> **Problem requirements**: Find the line containing "Wnętrze kampera, gotowego" in the records below. Copy exactly that line and each one after it, ending at the line containing "Heckansicht eines silbernen", and nothing more.

Dataset items:
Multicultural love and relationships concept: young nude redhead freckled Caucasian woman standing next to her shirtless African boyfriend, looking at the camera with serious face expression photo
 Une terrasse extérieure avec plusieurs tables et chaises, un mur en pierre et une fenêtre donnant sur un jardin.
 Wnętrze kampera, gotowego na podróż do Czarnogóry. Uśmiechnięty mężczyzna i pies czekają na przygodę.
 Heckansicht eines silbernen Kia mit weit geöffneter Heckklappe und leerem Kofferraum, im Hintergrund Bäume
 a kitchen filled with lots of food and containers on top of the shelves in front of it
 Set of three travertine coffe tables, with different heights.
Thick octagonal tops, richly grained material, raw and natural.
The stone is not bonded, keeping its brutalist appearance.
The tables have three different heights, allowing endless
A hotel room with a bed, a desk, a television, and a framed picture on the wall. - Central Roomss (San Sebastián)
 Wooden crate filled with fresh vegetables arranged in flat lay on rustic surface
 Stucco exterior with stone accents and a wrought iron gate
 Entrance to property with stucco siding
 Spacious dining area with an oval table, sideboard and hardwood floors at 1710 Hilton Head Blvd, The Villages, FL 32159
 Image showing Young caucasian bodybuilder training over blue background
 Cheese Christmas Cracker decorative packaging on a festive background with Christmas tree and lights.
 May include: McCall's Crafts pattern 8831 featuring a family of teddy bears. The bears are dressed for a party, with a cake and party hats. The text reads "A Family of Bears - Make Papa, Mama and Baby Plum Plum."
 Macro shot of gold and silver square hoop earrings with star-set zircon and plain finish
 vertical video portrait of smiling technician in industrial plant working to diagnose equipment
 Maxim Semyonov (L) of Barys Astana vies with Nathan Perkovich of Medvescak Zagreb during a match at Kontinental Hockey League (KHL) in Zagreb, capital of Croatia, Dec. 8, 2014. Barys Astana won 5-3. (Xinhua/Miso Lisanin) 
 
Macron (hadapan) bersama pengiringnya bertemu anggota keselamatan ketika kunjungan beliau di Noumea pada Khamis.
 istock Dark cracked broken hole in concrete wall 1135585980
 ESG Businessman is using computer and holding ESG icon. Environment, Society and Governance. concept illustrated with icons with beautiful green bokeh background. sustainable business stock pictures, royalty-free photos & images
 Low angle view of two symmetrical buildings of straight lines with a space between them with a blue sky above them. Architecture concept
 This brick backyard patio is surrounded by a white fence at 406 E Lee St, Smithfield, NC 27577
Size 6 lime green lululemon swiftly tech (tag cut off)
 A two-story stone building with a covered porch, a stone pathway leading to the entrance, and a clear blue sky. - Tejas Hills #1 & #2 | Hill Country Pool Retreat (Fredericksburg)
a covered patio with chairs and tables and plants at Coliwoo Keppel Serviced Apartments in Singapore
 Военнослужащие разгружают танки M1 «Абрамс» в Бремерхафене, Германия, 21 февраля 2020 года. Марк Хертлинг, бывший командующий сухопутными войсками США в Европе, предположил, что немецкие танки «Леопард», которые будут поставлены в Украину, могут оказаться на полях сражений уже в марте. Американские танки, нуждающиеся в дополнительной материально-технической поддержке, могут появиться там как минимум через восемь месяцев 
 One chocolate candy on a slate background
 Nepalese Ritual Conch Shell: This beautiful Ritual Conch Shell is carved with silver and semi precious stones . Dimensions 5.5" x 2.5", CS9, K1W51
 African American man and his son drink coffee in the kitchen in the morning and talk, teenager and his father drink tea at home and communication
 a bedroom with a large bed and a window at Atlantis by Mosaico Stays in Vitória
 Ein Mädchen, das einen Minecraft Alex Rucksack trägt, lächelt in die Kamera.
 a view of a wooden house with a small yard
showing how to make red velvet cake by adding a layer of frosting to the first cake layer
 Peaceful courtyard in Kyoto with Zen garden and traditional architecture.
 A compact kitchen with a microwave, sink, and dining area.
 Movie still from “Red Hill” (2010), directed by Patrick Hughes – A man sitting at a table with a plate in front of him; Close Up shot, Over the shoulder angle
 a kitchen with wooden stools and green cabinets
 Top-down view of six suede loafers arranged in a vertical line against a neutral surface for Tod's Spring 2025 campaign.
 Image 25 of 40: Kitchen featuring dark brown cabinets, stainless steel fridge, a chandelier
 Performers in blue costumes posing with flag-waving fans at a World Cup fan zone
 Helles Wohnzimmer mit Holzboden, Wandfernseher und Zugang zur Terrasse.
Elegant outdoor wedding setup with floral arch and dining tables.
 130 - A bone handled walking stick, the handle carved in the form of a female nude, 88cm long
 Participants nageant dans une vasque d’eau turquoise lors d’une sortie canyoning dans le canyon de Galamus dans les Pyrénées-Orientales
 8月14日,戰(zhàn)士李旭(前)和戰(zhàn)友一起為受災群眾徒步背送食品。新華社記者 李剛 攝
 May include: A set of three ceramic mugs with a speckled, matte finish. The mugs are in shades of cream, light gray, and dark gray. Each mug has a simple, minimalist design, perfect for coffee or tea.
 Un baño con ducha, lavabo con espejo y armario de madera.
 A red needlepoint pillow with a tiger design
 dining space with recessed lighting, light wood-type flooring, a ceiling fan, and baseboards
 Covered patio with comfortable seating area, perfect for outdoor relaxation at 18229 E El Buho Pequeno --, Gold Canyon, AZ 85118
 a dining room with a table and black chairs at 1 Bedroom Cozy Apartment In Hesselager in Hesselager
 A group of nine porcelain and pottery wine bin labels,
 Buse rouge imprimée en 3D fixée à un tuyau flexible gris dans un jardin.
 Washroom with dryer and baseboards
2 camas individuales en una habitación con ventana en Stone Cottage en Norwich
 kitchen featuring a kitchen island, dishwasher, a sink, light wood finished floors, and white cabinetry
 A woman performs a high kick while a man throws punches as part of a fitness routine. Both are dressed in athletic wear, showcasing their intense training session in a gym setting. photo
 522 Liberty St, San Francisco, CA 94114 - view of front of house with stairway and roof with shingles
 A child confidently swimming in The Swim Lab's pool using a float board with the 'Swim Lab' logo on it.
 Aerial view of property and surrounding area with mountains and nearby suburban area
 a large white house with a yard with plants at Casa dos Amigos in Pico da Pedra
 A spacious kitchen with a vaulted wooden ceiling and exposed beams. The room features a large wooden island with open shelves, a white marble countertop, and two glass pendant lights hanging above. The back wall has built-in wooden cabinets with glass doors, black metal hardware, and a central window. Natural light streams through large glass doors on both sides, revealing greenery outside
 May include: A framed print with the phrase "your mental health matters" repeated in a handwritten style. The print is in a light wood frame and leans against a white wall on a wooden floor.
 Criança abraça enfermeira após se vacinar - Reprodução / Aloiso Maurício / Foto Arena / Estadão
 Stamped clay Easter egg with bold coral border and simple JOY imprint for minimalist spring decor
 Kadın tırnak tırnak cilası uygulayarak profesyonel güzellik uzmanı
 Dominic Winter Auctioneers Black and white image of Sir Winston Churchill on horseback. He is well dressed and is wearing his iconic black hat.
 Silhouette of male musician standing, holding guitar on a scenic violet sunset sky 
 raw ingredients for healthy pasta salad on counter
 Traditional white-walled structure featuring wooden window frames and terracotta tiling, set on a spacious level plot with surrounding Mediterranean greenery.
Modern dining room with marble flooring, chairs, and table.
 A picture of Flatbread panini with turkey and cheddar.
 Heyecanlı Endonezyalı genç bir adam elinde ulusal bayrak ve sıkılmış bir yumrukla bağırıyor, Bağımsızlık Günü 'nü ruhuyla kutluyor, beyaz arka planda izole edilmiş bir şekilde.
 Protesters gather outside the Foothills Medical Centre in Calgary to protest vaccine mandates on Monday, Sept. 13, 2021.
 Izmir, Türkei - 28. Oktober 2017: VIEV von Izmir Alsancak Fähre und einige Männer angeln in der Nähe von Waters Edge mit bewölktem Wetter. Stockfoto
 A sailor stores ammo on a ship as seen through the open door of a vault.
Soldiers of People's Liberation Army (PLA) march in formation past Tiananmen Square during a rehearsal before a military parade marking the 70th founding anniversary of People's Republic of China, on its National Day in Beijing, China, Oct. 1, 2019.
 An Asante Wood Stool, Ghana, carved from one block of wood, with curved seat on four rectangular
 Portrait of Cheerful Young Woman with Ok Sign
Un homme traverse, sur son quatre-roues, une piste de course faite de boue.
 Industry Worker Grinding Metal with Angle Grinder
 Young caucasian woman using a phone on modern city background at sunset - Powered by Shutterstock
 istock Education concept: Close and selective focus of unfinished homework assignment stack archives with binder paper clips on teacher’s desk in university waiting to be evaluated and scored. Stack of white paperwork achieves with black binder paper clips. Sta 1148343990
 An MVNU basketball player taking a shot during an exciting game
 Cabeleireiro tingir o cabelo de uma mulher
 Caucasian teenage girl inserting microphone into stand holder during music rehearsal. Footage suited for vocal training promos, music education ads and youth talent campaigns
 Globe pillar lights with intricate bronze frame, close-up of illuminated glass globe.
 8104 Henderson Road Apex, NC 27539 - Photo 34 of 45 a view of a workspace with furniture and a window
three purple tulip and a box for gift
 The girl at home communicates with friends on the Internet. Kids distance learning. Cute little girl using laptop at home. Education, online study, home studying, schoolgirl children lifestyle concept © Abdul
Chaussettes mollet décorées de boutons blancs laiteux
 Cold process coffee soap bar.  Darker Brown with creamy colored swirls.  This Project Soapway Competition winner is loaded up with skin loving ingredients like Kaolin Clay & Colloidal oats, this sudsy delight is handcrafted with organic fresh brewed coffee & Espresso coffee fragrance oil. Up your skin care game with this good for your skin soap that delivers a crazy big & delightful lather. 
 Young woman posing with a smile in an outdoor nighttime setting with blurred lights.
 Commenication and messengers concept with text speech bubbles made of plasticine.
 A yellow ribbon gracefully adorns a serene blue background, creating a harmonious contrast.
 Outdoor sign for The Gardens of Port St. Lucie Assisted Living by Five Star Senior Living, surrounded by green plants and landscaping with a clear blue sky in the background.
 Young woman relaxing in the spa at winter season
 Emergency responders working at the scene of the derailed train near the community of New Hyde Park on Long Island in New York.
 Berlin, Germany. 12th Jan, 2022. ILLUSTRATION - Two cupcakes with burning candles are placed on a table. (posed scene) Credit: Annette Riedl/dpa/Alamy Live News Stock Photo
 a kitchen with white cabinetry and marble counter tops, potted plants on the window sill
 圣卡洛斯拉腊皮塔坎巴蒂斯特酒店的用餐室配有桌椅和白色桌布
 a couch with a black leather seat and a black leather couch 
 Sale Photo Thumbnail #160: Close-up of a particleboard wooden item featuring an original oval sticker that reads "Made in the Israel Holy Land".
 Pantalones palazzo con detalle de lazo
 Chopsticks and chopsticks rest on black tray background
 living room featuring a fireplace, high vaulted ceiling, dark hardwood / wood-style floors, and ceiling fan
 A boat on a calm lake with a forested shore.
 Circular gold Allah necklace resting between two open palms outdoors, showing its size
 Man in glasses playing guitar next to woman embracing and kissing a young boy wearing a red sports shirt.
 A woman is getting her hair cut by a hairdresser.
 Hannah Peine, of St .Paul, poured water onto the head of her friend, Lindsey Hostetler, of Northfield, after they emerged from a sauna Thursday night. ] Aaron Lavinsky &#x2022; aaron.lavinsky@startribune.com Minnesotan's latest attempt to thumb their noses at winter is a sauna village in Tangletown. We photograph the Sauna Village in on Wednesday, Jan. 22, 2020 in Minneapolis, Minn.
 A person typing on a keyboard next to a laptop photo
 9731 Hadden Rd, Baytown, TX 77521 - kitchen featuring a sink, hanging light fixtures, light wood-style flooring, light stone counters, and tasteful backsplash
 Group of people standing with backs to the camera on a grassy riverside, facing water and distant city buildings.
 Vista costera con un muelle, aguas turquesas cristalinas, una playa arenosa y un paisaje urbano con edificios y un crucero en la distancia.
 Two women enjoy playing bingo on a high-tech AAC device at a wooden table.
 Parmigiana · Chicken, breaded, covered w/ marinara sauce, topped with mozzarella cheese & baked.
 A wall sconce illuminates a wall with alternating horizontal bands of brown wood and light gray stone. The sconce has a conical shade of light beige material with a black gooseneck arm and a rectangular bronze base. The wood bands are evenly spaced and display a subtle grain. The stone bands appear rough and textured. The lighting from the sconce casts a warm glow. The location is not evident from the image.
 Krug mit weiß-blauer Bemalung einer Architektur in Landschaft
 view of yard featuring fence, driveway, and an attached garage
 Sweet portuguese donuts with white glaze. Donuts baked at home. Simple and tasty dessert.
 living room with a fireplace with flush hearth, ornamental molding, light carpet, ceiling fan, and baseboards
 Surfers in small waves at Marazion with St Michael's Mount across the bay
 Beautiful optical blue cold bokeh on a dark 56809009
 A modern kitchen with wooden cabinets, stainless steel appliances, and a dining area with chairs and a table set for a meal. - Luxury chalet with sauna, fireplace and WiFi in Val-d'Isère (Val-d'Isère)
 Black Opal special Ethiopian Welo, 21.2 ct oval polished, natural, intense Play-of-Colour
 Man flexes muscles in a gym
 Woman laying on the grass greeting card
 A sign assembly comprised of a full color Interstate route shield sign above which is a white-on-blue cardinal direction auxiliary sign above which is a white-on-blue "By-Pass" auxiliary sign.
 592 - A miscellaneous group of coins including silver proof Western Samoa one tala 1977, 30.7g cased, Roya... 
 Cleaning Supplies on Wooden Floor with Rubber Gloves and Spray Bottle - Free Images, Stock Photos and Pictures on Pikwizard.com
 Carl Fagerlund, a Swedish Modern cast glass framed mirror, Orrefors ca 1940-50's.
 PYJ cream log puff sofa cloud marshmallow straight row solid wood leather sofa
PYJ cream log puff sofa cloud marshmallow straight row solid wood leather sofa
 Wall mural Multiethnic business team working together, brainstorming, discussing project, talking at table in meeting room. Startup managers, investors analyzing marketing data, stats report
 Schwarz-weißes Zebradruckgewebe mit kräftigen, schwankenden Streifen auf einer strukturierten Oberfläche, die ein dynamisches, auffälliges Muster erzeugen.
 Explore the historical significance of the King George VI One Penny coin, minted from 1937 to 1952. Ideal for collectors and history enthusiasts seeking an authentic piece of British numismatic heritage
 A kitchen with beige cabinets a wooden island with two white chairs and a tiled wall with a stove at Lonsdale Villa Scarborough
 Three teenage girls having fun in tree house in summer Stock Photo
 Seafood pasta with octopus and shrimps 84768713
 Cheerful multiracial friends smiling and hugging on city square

> **Exercise answer**:
 Wnętrze kampera, gotowego na podróż do Czarnogóry. Uśmiechnięty mężczyzna i pies czekają na przygodę.
 Heckansicht eines silbernen Kia mit weit geöffneter Heckklappe und leerem Kofferraum, im Hintergrund Bäume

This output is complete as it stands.